▽

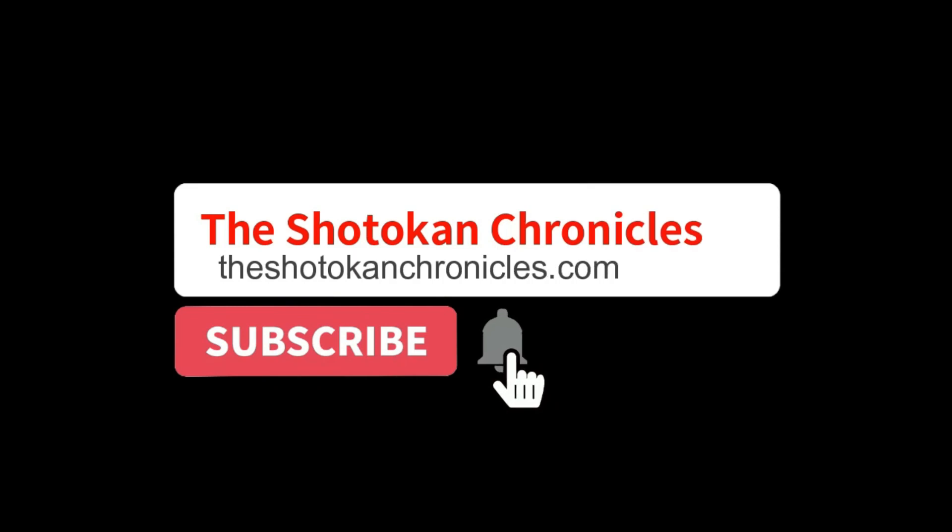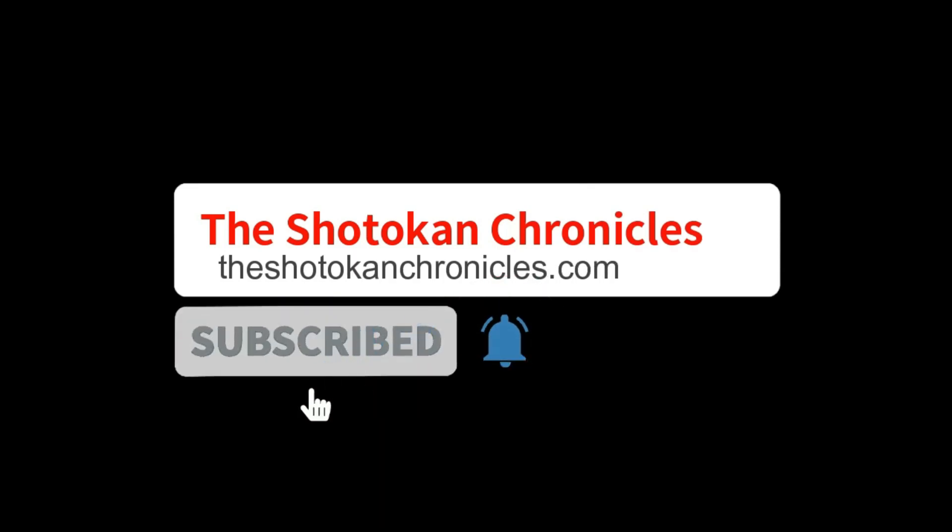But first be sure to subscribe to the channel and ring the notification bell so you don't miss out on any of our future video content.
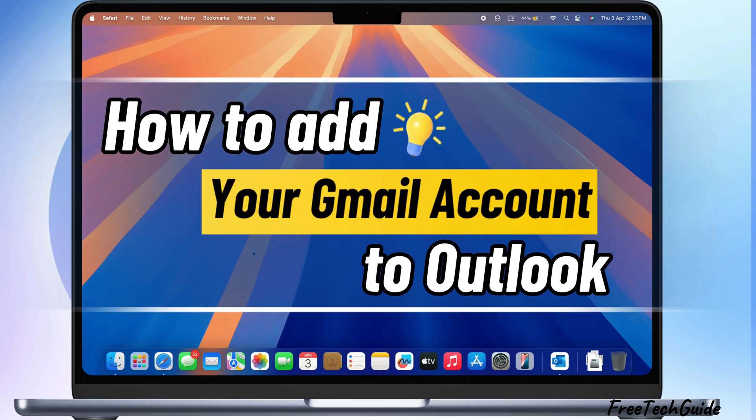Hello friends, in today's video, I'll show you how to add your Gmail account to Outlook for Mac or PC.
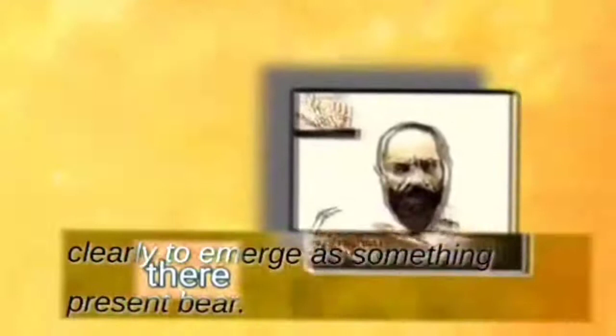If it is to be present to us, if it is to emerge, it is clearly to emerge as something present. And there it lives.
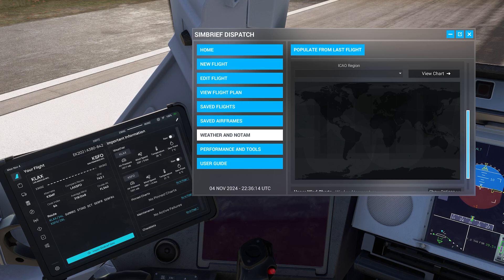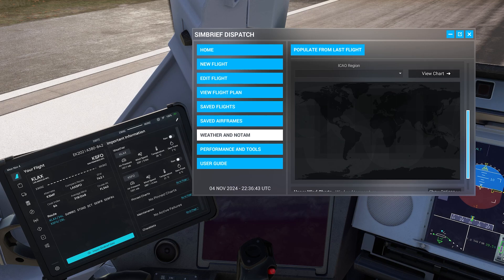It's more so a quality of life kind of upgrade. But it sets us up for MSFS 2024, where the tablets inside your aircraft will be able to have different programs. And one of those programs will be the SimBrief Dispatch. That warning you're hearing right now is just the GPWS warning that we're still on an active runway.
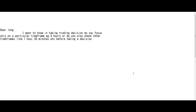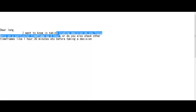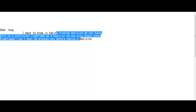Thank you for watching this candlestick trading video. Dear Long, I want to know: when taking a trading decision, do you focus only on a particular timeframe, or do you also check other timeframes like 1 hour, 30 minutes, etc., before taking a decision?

△
▽

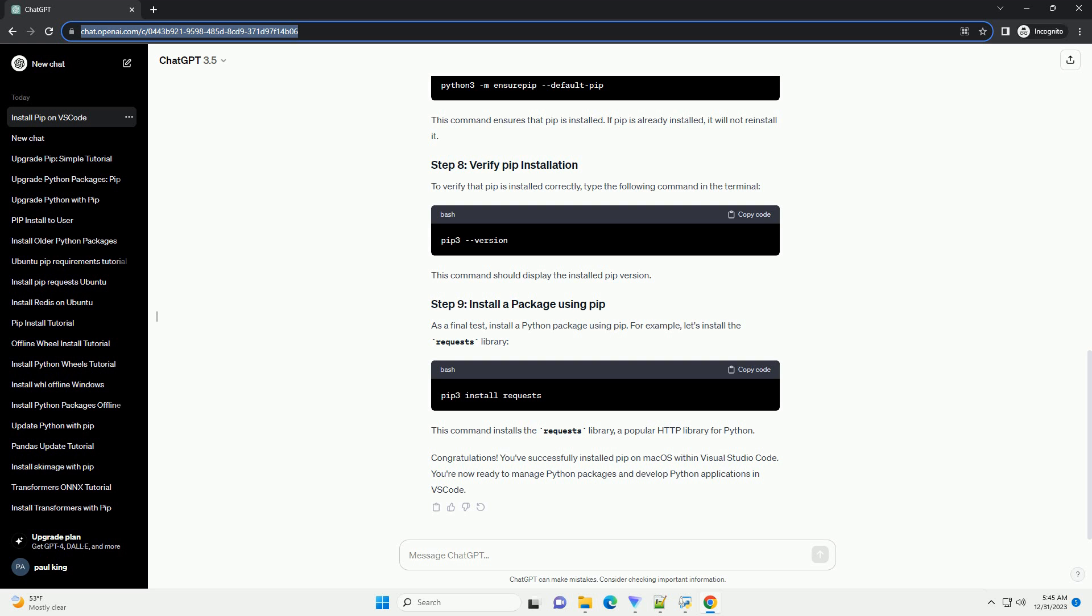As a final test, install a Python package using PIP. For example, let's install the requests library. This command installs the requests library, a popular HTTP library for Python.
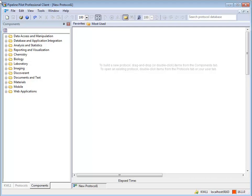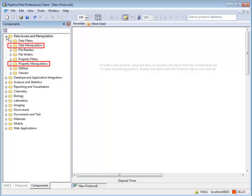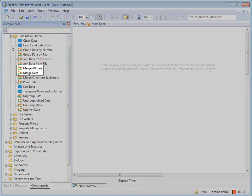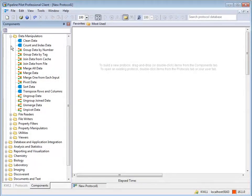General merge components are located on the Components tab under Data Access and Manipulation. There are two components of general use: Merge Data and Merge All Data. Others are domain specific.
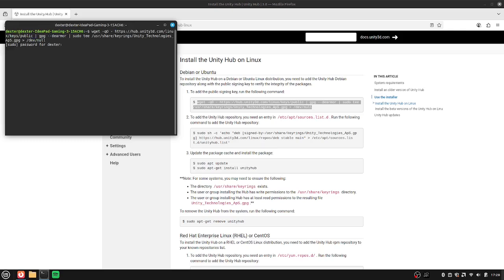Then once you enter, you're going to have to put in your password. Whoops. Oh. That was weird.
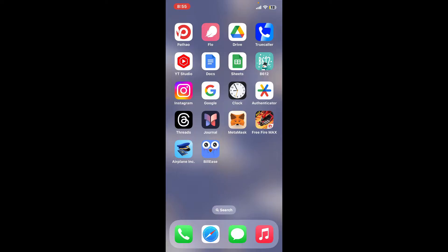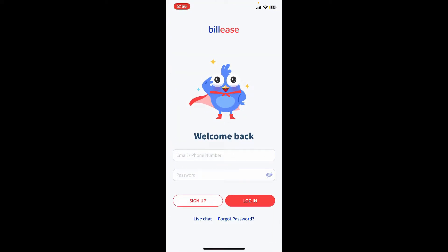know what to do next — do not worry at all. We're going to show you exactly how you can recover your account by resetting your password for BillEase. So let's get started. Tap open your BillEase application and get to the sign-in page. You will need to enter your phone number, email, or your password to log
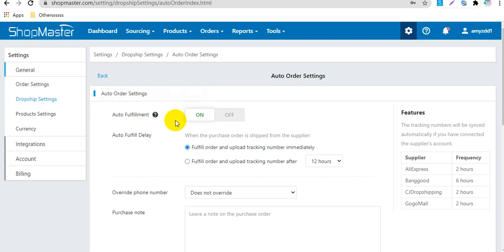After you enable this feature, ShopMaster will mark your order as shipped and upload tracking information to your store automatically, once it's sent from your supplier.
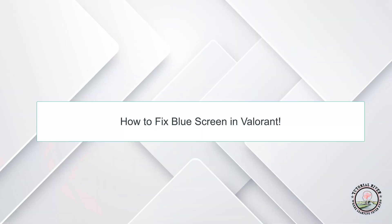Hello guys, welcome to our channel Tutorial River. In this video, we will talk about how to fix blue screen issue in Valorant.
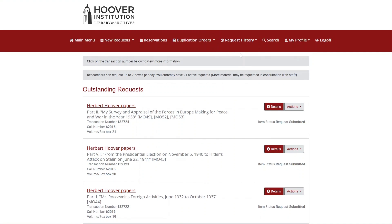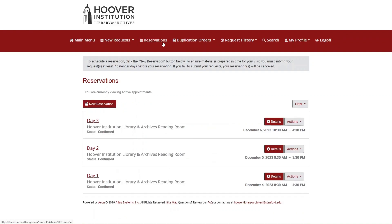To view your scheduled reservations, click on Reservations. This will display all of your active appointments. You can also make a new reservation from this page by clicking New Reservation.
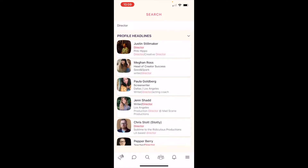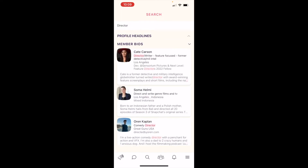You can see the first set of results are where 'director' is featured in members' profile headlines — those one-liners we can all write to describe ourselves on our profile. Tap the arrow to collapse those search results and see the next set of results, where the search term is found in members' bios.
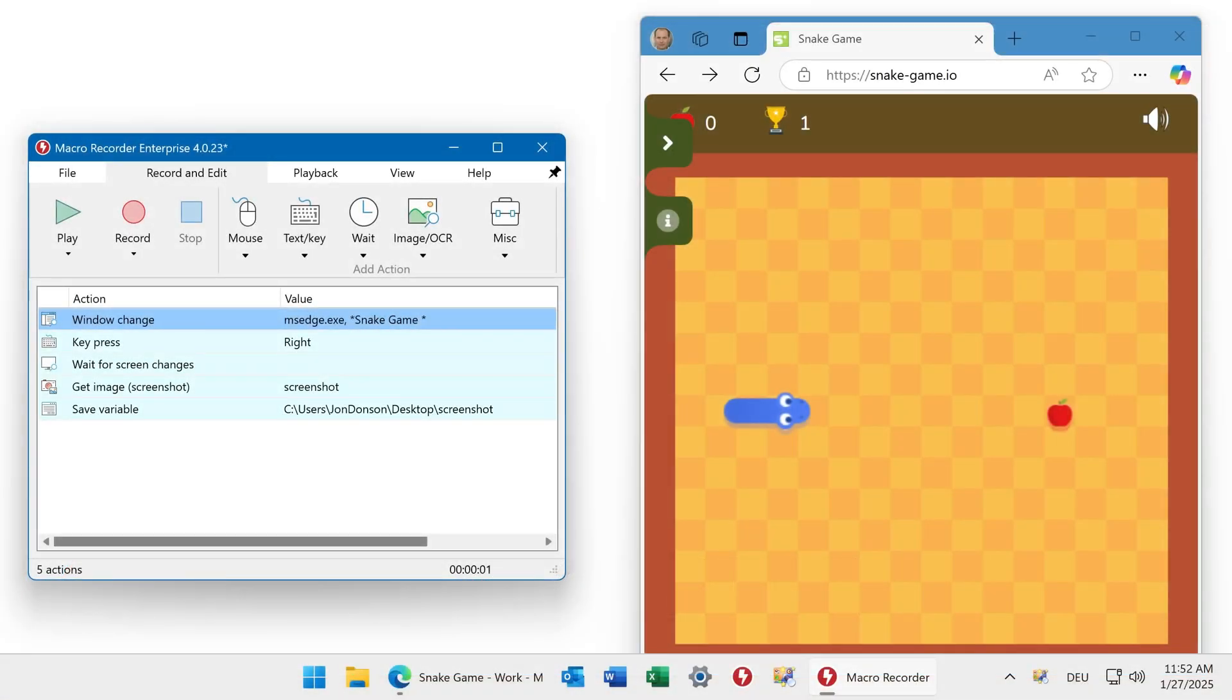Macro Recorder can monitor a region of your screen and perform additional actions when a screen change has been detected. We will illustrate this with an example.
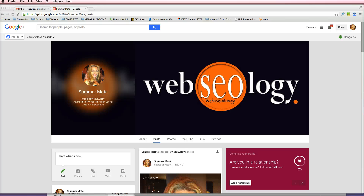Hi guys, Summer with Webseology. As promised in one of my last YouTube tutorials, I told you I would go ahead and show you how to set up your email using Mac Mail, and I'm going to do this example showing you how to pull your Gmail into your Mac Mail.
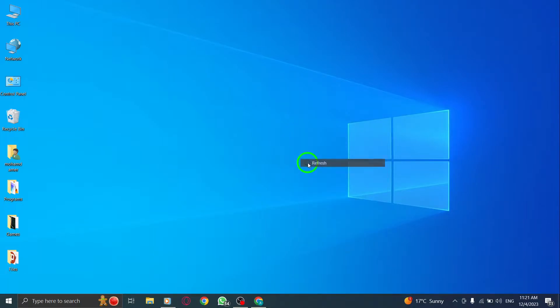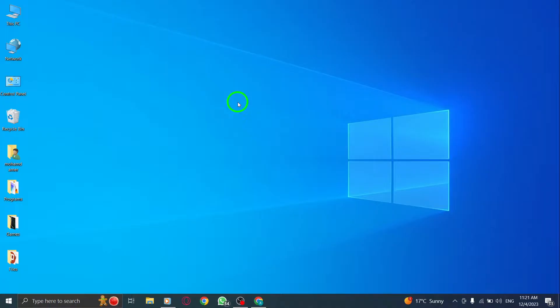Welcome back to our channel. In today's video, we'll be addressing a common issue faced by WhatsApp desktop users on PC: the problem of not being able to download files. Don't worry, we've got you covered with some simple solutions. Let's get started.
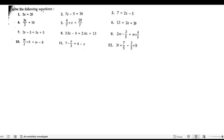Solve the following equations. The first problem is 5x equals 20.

△

Return only the stretch above from the line containing "Then once you" through the line containing "Solve the following", word for word and without pictures.

◆ EXERCISE RESPONSE ◆
Then once you enter, you're going to have to put in your password. Whoops. Oh. That was weird.
know what to do next — do not worry at all. We're going to show you exactly how you can recover your account by resetting your password for BillEase. So let's get started. Tap open your BillEase application and get to the sign-in page. You will need to enter your phone number, email, or your password to log
After you enable this feature, ShopMaster will mark your order as shipped and upload tracking information to your store automatically, once it's sent from your supplier.
Hello guys, welcome to our channel Tutorial River. In this video, we will talk about how to fix blue screen issue in Valorant.
To view your scheduled reservations, click on Reservations. This will display all of your active appointments. You can also make a new reservation from this page by clicking New Reservation.
You can see the first set of results are where 'director' is featured in members' profile headlines — those one-liners we can all write to describe ourselves on our profile. Tap the arrow to collapse those search results and see the next set of results, where the search term is found in members' bios.
Macro Recorder can monitor a region of your screen and perform additional actions when a screen change has been detected. We will illustrate this with an example.
Hi guys, Summer with Webseology. As promised in one of my last YouTube tutorials, I told you I would go ahead and show you how to set up your email using Mac Mail, and I'm going to do this example showing you how to pull your Gmail into your Mac Mail.
Welcome back to our channel. In today's video, we'll be addressing a common issue faced by WhatsApp desktop users on PC: the problem of not being able to download files. Don't worry, we've got you covered with some simple solutions. Let's get started.
Solve the following equations. The first problem is 5x equals 20.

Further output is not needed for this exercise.